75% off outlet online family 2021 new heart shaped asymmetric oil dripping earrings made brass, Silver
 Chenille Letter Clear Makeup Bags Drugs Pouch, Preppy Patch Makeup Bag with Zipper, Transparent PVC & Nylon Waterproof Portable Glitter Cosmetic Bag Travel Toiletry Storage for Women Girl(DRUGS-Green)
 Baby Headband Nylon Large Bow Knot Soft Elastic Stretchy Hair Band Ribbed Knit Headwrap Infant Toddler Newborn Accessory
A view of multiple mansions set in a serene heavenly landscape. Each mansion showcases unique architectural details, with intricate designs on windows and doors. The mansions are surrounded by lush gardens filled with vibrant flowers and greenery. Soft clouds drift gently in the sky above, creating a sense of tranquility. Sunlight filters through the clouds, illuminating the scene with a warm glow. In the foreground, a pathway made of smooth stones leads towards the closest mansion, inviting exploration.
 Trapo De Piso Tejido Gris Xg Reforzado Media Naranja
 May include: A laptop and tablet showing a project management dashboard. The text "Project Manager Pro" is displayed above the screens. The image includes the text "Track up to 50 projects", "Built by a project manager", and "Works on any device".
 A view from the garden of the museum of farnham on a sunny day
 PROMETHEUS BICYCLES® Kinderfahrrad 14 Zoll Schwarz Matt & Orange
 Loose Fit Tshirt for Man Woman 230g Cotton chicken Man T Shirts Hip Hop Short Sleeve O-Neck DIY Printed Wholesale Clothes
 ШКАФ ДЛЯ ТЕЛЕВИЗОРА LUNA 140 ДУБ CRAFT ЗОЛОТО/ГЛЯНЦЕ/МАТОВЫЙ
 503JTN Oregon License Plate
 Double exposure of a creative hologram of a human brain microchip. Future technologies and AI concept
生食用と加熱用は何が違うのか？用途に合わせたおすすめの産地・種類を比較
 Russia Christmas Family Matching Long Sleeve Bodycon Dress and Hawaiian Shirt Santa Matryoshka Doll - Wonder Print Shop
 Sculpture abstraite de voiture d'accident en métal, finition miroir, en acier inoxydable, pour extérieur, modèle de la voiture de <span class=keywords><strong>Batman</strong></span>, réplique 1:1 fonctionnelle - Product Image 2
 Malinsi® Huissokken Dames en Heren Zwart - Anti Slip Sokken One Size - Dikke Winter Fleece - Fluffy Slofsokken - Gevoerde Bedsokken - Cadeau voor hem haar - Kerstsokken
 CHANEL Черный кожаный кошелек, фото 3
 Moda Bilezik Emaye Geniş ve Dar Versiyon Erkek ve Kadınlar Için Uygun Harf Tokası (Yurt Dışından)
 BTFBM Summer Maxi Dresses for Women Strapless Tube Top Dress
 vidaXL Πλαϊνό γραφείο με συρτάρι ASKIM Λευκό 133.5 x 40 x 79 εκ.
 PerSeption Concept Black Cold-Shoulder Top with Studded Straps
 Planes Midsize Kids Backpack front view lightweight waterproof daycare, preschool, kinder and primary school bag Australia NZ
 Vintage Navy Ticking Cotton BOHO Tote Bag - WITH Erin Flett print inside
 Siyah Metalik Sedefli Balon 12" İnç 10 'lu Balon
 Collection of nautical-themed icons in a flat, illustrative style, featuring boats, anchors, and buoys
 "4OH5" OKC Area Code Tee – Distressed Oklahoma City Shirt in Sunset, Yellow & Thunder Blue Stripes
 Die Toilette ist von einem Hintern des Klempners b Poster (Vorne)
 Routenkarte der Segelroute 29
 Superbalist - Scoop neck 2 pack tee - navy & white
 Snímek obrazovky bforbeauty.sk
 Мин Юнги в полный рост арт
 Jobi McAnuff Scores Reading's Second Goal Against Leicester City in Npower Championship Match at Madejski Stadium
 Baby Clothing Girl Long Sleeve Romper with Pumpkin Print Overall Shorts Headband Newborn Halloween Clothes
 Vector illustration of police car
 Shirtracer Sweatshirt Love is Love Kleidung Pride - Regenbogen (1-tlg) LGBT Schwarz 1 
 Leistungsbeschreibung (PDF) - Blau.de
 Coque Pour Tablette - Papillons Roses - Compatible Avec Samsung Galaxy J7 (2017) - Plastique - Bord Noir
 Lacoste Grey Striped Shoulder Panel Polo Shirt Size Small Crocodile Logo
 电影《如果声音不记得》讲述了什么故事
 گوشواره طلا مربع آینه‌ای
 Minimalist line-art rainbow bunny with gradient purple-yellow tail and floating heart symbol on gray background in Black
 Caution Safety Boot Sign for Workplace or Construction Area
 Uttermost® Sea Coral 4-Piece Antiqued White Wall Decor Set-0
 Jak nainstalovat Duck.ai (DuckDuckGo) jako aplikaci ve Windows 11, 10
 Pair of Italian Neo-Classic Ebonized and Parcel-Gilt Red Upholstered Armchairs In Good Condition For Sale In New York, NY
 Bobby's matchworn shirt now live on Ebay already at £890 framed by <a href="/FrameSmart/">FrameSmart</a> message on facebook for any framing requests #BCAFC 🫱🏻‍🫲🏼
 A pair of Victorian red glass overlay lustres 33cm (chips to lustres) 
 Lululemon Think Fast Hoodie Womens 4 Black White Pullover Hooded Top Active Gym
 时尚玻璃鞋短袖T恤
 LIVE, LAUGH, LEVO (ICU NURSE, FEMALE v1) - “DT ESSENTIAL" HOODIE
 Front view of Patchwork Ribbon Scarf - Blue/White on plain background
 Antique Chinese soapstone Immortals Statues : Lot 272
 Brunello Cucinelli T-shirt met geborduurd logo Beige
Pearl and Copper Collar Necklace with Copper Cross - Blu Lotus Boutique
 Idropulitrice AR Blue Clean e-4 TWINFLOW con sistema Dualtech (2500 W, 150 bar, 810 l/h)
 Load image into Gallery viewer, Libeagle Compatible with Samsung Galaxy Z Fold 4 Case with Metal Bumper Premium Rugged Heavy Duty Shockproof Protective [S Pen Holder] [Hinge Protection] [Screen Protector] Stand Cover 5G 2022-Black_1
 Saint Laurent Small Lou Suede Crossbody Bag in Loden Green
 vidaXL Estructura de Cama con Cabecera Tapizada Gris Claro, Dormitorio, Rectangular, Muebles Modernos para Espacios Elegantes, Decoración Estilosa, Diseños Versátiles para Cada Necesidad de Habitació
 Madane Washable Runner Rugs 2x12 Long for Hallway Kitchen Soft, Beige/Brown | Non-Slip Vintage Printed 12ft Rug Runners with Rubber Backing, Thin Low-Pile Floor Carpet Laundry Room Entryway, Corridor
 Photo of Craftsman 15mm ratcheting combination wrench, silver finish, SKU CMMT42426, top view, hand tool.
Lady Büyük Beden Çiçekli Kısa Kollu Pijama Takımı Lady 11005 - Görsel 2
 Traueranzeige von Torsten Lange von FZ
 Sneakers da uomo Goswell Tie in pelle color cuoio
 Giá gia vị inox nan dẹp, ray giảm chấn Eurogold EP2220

● Brief: Every entry should be output again exactly as written.

● Response area:
75% off outlet online family 2021 new heart shaped asymmetric oil dripping earrings made brass, Silver
 Chenille Letter Clear Makeup Bags Drugs Pouch, Preppy Patch Makeup Bag with Zipper, Transparent PVC & Nylon Waterproof Portable Glitter Cosmetic Bag Travel Toiletry Storage for Women Girl(DRUGS-Green)
 Baby Headband Nylon Large Bow Knot Soft Elastic Stretchy Hair Band Ribbed Knit Headwrap Infant Toddler Newborn Accessory
A view of multiple mansions set in a serene heavenly landscape. Each mansion showcases unique architectural details, with intricate designs on windows and doors. The mansions are surrounded by lush gardens filled with vibrant flowers and greenery. Soft clouds drift gently in the sky above, creating a sense of tranquility. Sunlight filters through the clouds, illuminating the scene with a warm glow. In the foreground, a pathway made of smooth stones leads towards the closest mansion, inviting exploration.
 Trapo De Piso Tejido Gris Xg Reforzado Media Naranja
 May include: A laptop and tablet showing a project management dashboard. The text "Project Manager Pro" is displayed above the screens. The image includes the text "Track up to 50 projects", "Built by a project manager", and "Works on any device".
 A view from the garden of the museum of farnham on a sunny day
 PROMETHEUS BICYCLES® Kinderfahrrad 14 Zoll Schwarz Matt & Orange
 Loose Fit Tshirt for Man Woman 230g Cotton chicken Man T Shirts Hip Hop Short Sleeve O-Neck DIY Printed Wholesale Clothes
 ШКАФ ДЛЯ ТЕЛЕВИЗОРА LUNA 140 ДУБ CRAFT ЗОЛОТО/ГЛЯНЦЕ/МАТОВЫЙ
 503JTN Oregon License Plate
 Double exposure of a creative hologram of a human brain microchip. Future technologies and AI concept
生食用と加熱用は何が違うのか？用途に合わせたおすすめの産地・種類を比較
 Russia Christmas Family Matching Long Sleeve Bodycon Dress and Hawaiian Shirt Santa Matryoshka Doll - Wonder Print Shop
 Sculpture abstraite de voiture d'accident en métal, finition miroir, en acier inoxydable, pour extérieur, modèle de la voiture de <span class=keywords><strong>Batman</strong></span>, réplique 1:1 fonctionnelle - Product Image 2
 Malinsi® Huissokken Dames en Heren Zwart - Anti Slip Sokken One Size - Dikke Winter Fleece - Fluffy Slofsokken - Gevoerde Bedsokken - Cadeau voor hem haar - Kerstsokken
 CHANEL Черный кожаный кошелек, фото 3
 Moda Bilezik Emaye Geniş ve Dar Versiyon Erkek ve Kadınlar Için Uygun Harf Tokası (Yurt Dışından)
 BTFBM Summer Maxi Dresses for Women Strapless Tube Top Dress
 vidaXL Πλαϊνό γραφείο με συρτάρι ASKIM Λευκό 133.5 x 40 x 79 εκ.
 PerSeption Concept Black Cold-Shoulder Top with Studded Straps
 Planes Midsize Kids Backpack front view lightweight waterproof daycare, preschool, kinder and primary school bag Australia NZ
 Vintage Navy Ticking Cotton BOHO Tote Bag - WITH Erin Flett print inside
 Siyah Metalik Sedefli Balon 12" İnç 10 'lu Balon
 Collection of nautical-themed icons in a flat, illustrative style, featuring boats, anchors, and buoys
 "4OH5" OKC Area Code Tee – Distressed Oklahoma City Shirt in Sunset, Yellow & Thunder Blue Stripes
 Die Toilette ist von einem Hintern des Klempners b Poster (Vorne)
 Routenkarte der Segelroute 29
 Superbalist - Scoop neck 2 pack tee - navy & white
 Snímek obrazovky bforbeauty.sk
 Мин Юнги в полный рост арт
 Jobi McAnuff Scores Reading's Second Goal Against Leicester City in Npower Championship Match at Madejski Stadium
 Baby Clothing Girl Long Sleeve Romper with Pumpkin Print Overall Shorts Headband Newborn Halloween Clothes
 Vector illustration of police car
 Shirtracer Sweatshirt Love is Love Kleidung Pride - Regenbogen (1-tlg) LGBT Schwarz 1 
 Leistungsbeschreibung (PDF) - Blau.de
 Coque Pour Tablette - Papillons Roses - Compatible Avec Samsung Galaxy J7 (2017) - Plastique - Bord Noir
 Lacoste Grey Striped Shoulder Panel Polo Shirt Size Small Crocodile Logo
 电影《如果声音不记得》讲述了什么故事
 گوشواره طلا مربع آینه‌ای
 Minimalist line-art rainbow bunny with gradient purple-yellow tail and floating heart symbol on gray background in Black
 Caution Safety Boot Sign for Workplace or Construction Area
 Uttermost® Sea Coral 4-Piece Antiqued White Wall Decor Set-0
 Jak nainstalovat Duck.ai (DuckDuckGo) jako aplikaci ve Windows 11, 10
 Pair of Italian Neo-Classic Ebonized and Parcel-Gilt Red Upholstered Armchairs In Good Condition For Sale In New York, NY
 Bobby's matchworn shirt now live on Ebay already at £890 framed by <a href="/FrameSmart/">FrameSmart</a> message on facebook for any framing requests #BCAFC 🫱🏻‍🫲🏼
 A pair of Victorian red glass overlay lustres 33cm (chips to lustres) 
 Lululemon Think Fast Hoodie Womens 4 Black White Pullover Hooded Top Active Gym
 时尚玻璃鞋短袖T恤
 LIVE, LAUGH, LEVO (ICU NURSE, FEMALE v1) - “DT ESSENTIAL" HOODIE
 Front view of Patchwork Ribbon Scarf - Blue/White on plain background
 Antique Chinese soapstone Immortals Statues : Lot 272
 Brunello Cucinelli T-shirt met geborduurd logo Beige
Pearl and Copper Collar Necklace with Copper Cross - Blu Lotus Boutique
 Idropulitrice AR Blue Clean e-4 TWINFLOW con sistema Dualtech (2500 W, 150 bar, 810 l/h)
 Load image into Gallery viewer, Libeagle Compatible with Samsung Galaxy Z Fold 4 Case with Metal Bumper Premium Rugged Heavy Duty Shockproof Protective [S Pen Holder] [Hinge Protection] [Screen Protector] Stand Cover 5G 2022-Black_1
 Saint Laurent Small Lou Suede Crossbody Bag in Loden Green
 vidaXL Estructura de Cama con Cabecera Tapizada Gris Claro, Dormitorio, Rectangular, Muebles Modernos para Espacios Elegantes, Decoración Estilosa, Diseños Versátiles para Cada Necesidad de Habitació
 Madane Washable Runner Rugs 2x12 Long for Hallway Kitchen Soft, Beige/Brown | Non-Slip Vintage Printed 12ft Rug Runners with Rubber Backing, Thin Low-Pile Floor Carpet Laundry Room Entryway, Corridor
 Photo of Craftsman 15mm ratcheting combination wrench, silver finish, SKU CMMT42426, top view, hand tool.
Lady Büyük Beden Çiçekli Kısa Kollu Pijama Takımı Lady 11005 - Görsel 2
 Traueranzeige von Torsten Lange von FZ
 Sneakers da uomo Goswell Tie in pelle color cuoio
 Giá gia vị inox nan dẹp, ray giảm chấn Eurogold EP2220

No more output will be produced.